The agreement provides that, for the avoidance of doubt, Mr. Milinazzo will not be entitled to any portion of the $400,000 special cash retention bonus approved by the Compensation Committee on February 15, 2011, as he not be employed on the applicable vesting dates with respect thereto.


The agreement provides that Mr. Milinazzo will remain available to serve as a member of the Board following August 1, 2011, and that he will be compensated for any Board service continuing after August 1, 2013 on the same terms as other non-employee members of the Board.

 

Item 7.01. Regulation FD Disclosure.

On June 16, 2011, the Company issued a press release regarding certain of the matters described in Item 5.02. This press release is furnished herewith as Exhibit 99.1.
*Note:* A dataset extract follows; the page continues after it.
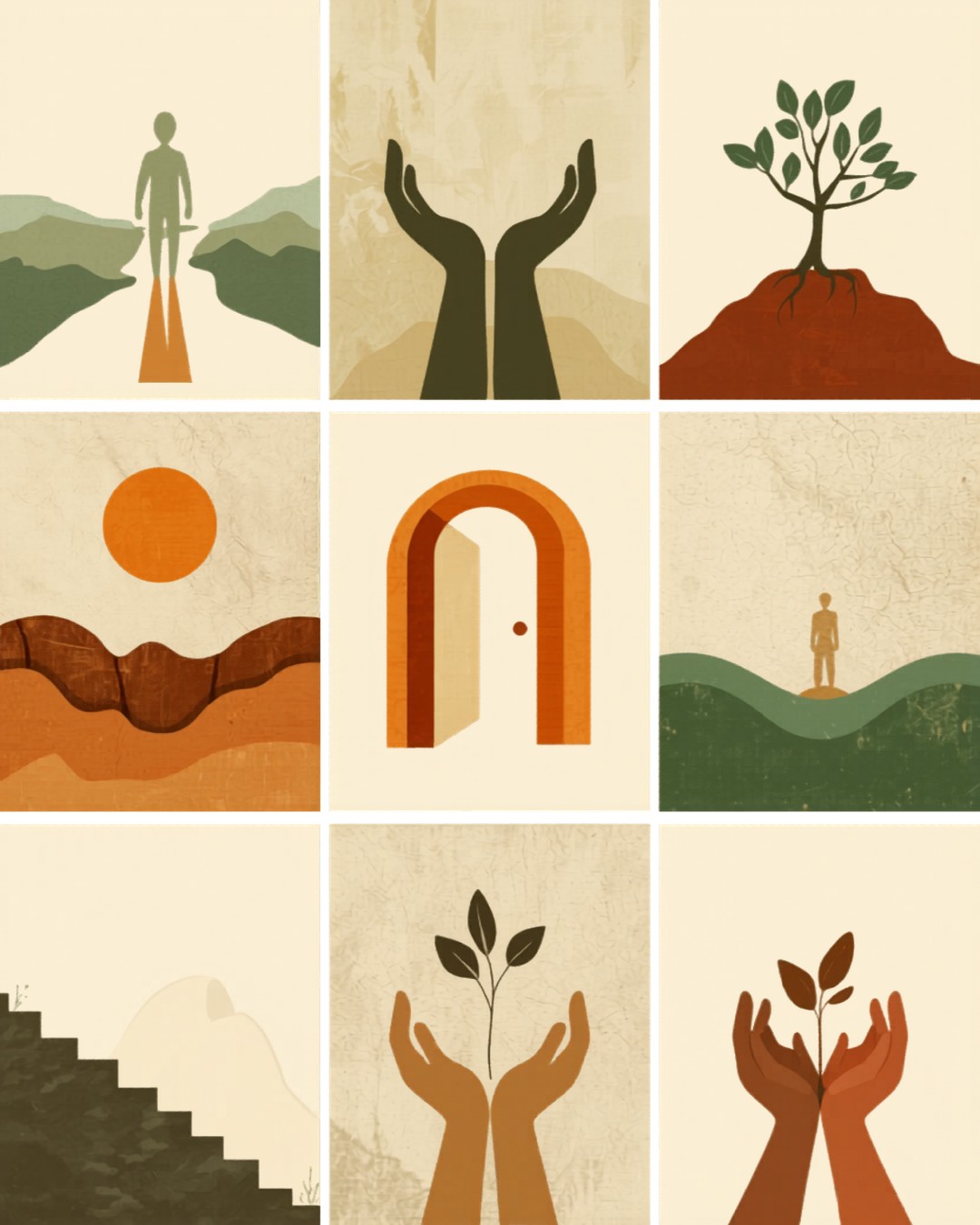 Illustration de l'approche humaniste et existentielle : croissance, chemin, ouverture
The information included in this Current Report on Form 8-K under this Item 7.01 (including Exhibit 99.1) shall not be deemed “filed” for the purposes of Section 18 of the Securities Exchange Act of 1934, as amended (the “Exchange Act”), or otherwise subject to the liabilities of that section, nor shall it be deemed incorporated by reference into any filing made by the Company under the Exchange Act or Securities Act of 1933, as amended, except as shall be expressly set forth by specific reference in such a filing.

 

Item 9.01. Financial Statements and Exhibits.

 

(d) Exhibits

 

10.1    Amended and Restated Employment Agreement, dated as of June 15, 2011 and effective as of August 1, 2011, by and between Orthofix Inc., Orthofix International N.V. and Robert S. Vaters.
10.2    Letter Agreement, dated June 15, 2011, between Orthofix Inc., Orthofix International N.V. and Alan W. Milinazzo.
99.1    Press release, dated June 16, 2011.

 

 


SIGNATURES

Pursuant to the requirements of the Securities Exchange Act of 1934, the registrant has duly caused this report to be signed on its behalf by the undersigned hereunto duly authorized.

 

Orthofix International N.V.

By:    

 

/s/ Brian McCollum

 

Brian McCollum

Chief Financial Officer and Senior Vice

President of Finance

Date: June 16, 2011


EXHIBIT INDEX

 

Exhibit No.

 

Description

10.1   Amended and Restated Employment Agreement, dated as of June 15, 2011 and effective as of August 1, 2011, by and between Orthofix Inc., Orthofix International N.V. and Robert S. Vaters.
10.2   Letter Agreement, dated June 15, 2011, between Orthofix Inc., Orthofix International N.V. and Alan W. Milinazzo.
99.1   Press release, dated June 16, 2011.